- Dataset records
=====

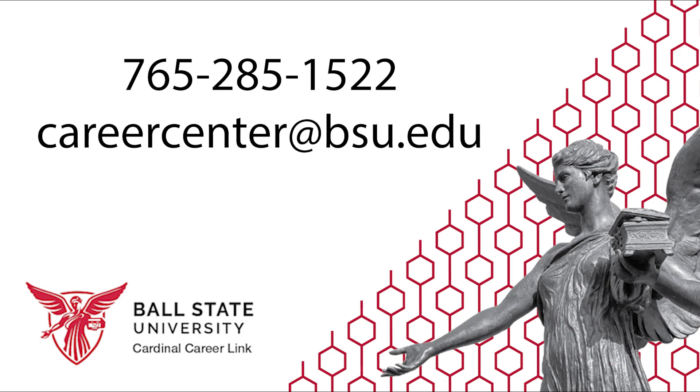The Career Center and our career coaches are always here to help students succeed in their professional lives, so please contact us at careercenter@bsu.edu or by calling 765-285-1522.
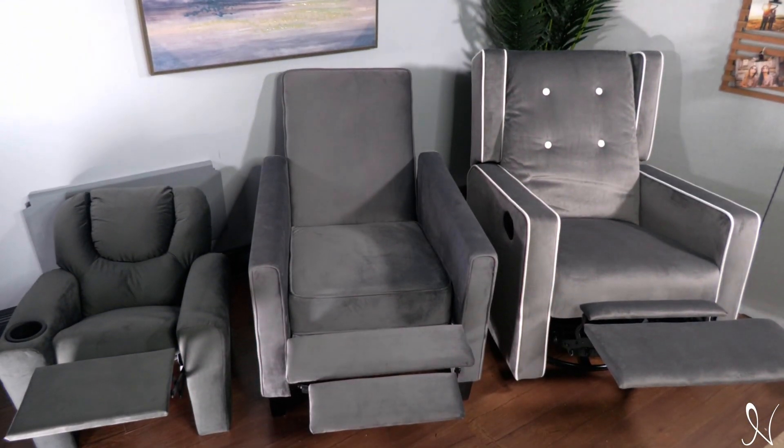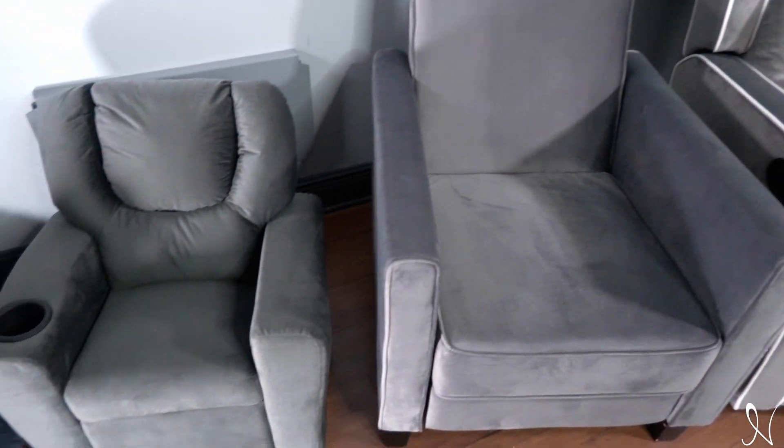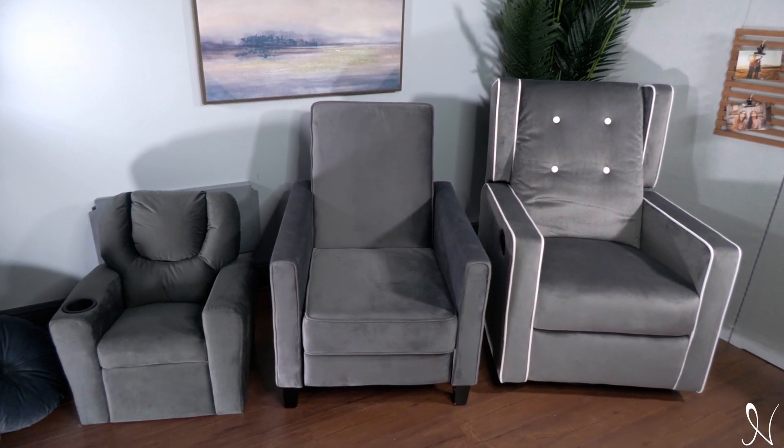Naomi Home presents a size guide to our recliners. These recliners include Odelia, Landon, and Kid Recliner Suri, all great additions to add to your home.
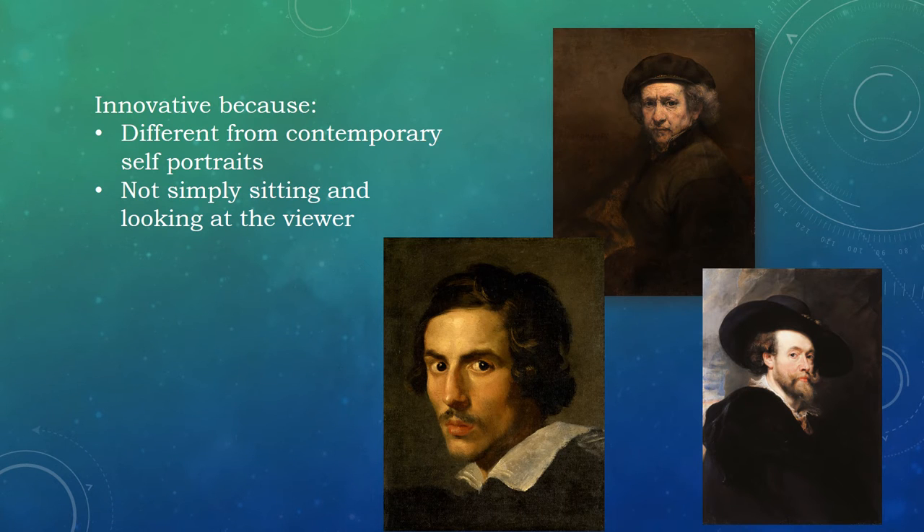This key work is innovative because it is different from many contemporary self-portraits. For example, Rembrandt's self-portrait, which is shown here on the top image. Many self-portraits of the time showed the subject sitting or standing, their body oriented to the left or right of the viewer, and their gaze catching the viewer's eyes. Self-portraits rarely show the subject as being engaged in an activity — examples are the self-portraits of Gian Lorenzo Bernini on the left and Peter Paul Rubens on the right. Artemisia is not looking at the viewer or simply sitting; she is engaged in painting and is staring off into the distance to our left.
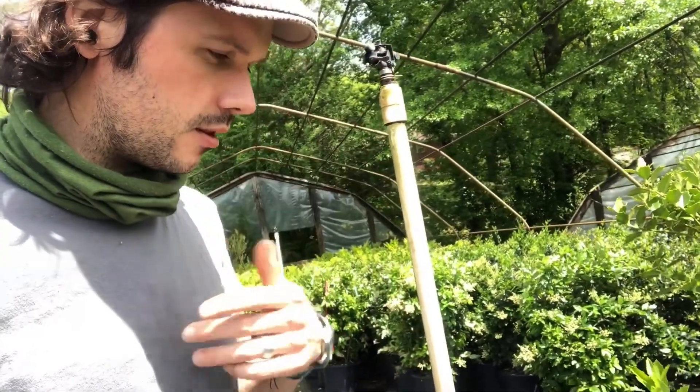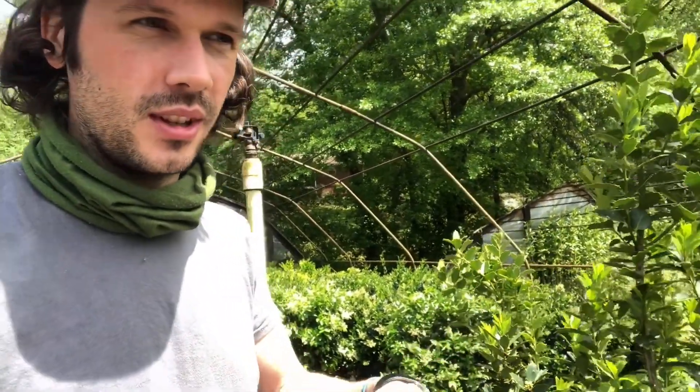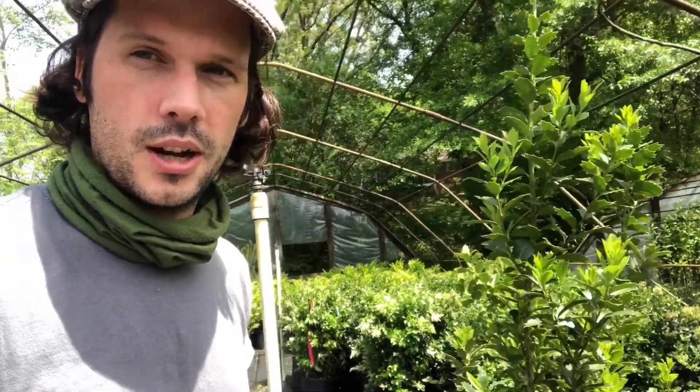I've seen a couple of properties including my own where winter comes and all of a sudden you can see everything your neighbors are doing. In the city where you have tight spaces, it's nice to have a little privacy, so using some greenery goes a long way and adds a nice touch.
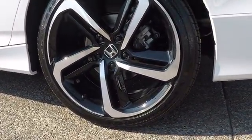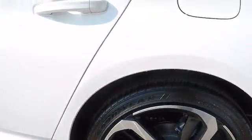Leather-wrapped steering wheel, Bluetooth, power steering, adjustable steering wheel, cruise control, aluminum wheels, keyless start, four-wheel disc brakes, floor mats, front-wheel drive, AM-FM stereo radio, climate control.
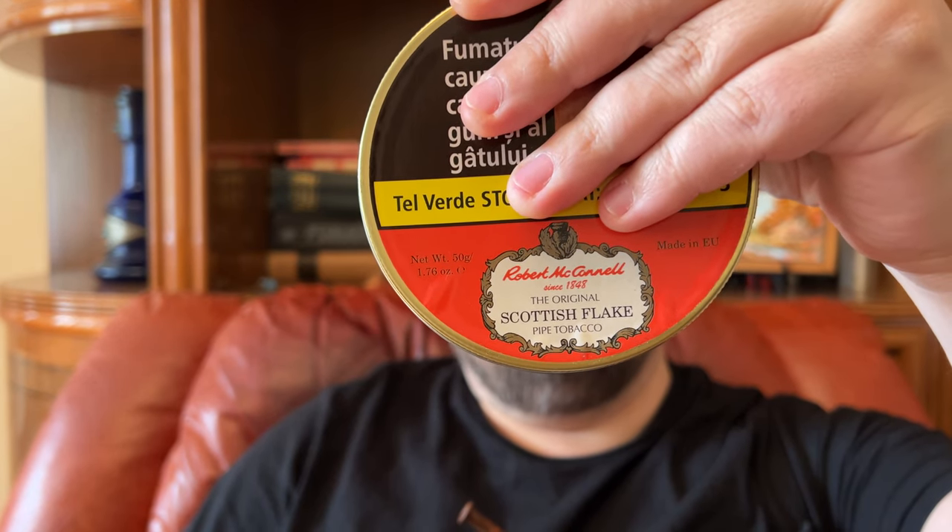Okay, so the tobacco — Robert McConnell Scottish Flake, one of my favorites in my rotation. I've smoked it for the longest time. Robert McConnell Scottish Flake and Robert McConnell Latakia Flake have been staples in my rotation for more than 10 years.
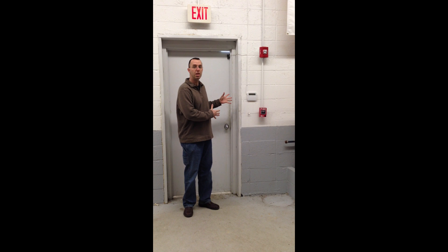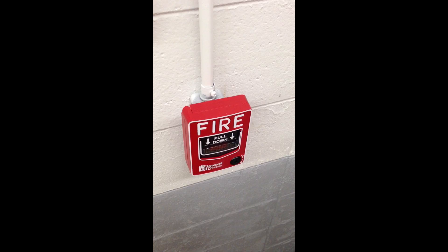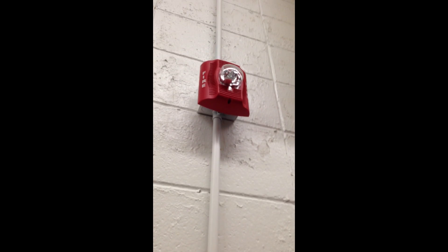There are some fire inspectors out there that have an interpretation: you either put in a system completely in accordance with the installation standards, or you don't do anything at all. And that's not necessarily the case. The Indiana Fire Code does allow for required fire alarm systems and non-required fire alarm systems, or what are sometimes commonly referred to as a partial system.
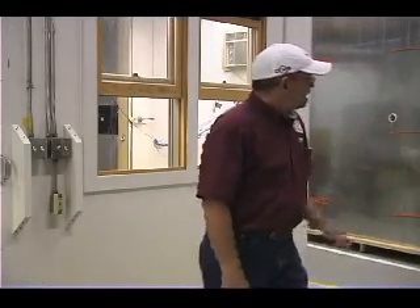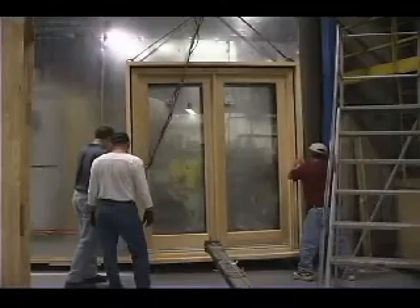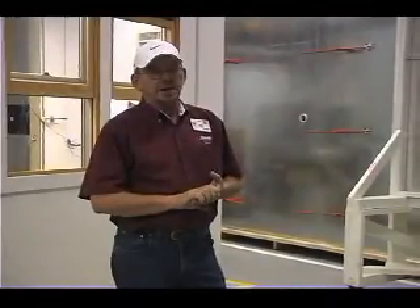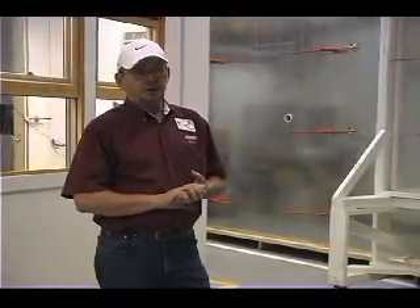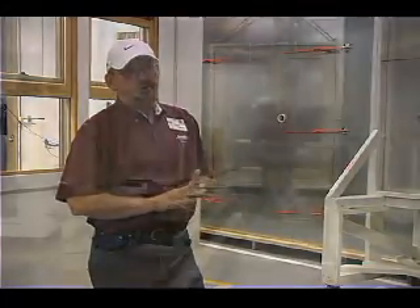Behind me is an impact cycle wall, which is where we test all of our IZ products. Our IZ products are the products that are hurricane resistant and sold mainly along the Gulf Coast, Texas, down into Florida and up the East Coast.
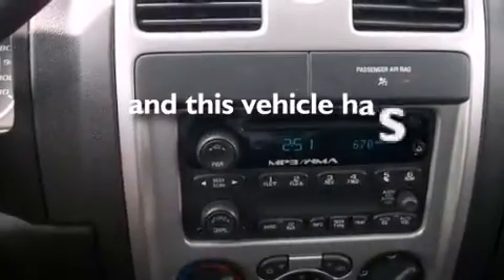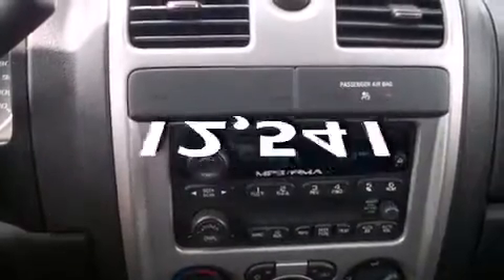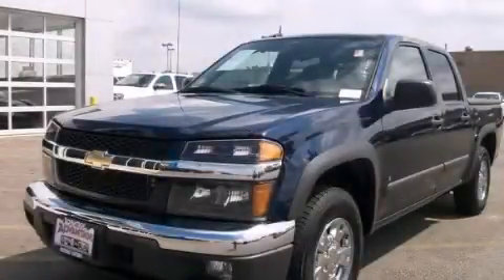This vehicle has fewer than 13,000 miles on the odometer. Contact us today to arrange your test drive.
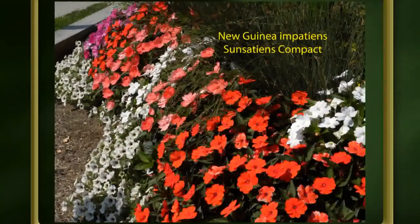New Guinea Impatiens Sensation series is important to know about because there's a new disease — downy mildew — that gets on regular impatiens. A lot of people have had it and you probably won't find regular impatiens for sale now. You can grow them from seed yourself since the disease isn't carried on seed, or you can get the Sensation series or New Guinea impatiens which don't get it, or use foliage plants like coleus for some bright color. So there are options for replacing impatiens.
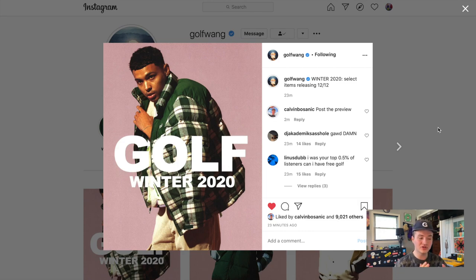We are on Golf Wang's official Instagram looking at the photos of the lookbook. I'm just going to go in order from when they posted it — from the first picture to the last, kind of the way we would view it on the website. Starting out with the front cover of the lookbook here.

=====

- ASSIGNMENT
For this exercise, transcribe exactly the part of the records above that opens with the line containing "Behind me is" and closes with the one containing "This vehicle has". Pictures are not part of the copy.

- TASK ANSWER
Behind me is an impact cycle wall, which is where we test all of our IZ products. Our IZ products are the products that are hurricane resistant and sold mainly along the Gulf Coast, Texas, down into Florida and up the East Coast.
This vehicle has fewer than 13,000 miles on the odometer. Contact us today to arrange your test drive.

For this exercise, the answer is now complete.